◆ EXERCISE DESCRIPTION ◆
Could you reproduce all of these records exactly?
------ TASK INPUTS
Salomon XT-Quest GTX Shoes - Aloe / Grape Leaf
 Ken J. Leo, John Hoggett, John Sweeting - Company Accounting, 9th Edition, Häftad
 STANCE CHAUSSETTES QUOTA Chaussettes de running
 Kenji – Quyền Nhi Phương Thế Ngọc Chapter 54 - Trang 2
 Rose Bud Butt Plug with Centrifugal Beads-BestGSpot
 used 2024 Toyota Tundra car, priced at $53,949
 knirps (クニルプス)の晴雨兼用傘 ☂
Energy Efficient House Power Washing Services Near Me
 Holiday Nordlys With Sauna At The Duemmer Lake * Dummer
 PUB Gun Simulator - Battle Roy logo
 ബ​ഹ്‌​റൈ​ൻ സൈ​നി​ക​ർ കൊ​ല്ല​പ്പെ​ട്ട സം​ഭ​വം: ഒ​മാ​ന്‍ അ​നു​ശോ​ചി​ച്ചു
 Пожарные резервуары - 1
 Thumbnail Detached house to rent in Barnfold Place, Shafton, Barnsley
------------
◆ ANSWER FOR THE TASK ◆
Salomon XT-Quest GTX Shoes - Aloe / Grape Leaf
 Ken J. Leo, John Hoggett, John Sweeting - Company Accounting, 9th Edition, Häftad
 STANCE CHAUSSETTES QUOTA Chaussettes de running
 Kenji – Quyền Nhi Phương Thế Ngọc Chapter 54 - Trang 2
 Rose Bud Butt Plug with Centrifugal Beads-BestGSpot
 used 2024 Toyota Tundra car, priced at $53,949
 knirps (クニルプス)の晴雨兼用傘 ☂
Energy Efficient House Power Washing Services Near Me
 Holiday Nordlys With Sauna At The Duemmer Lake * Dummer
 PUB Gun Simulator - Battle Roy logo
 ബ​ഹ്‌​റൈ​ൻ സൈ​നി​ക​ർ കൊ​ല്ല​പ്പെ​ട്ട സം​ഭ​വം: ഒ​മാ​ന്‍ അ​നു​ശോ​ചി​ച്ചു
 Пожарные резервуары - 1
 Thumbnail Detached house to rent in Barnfold Place, Shafton, Barnsley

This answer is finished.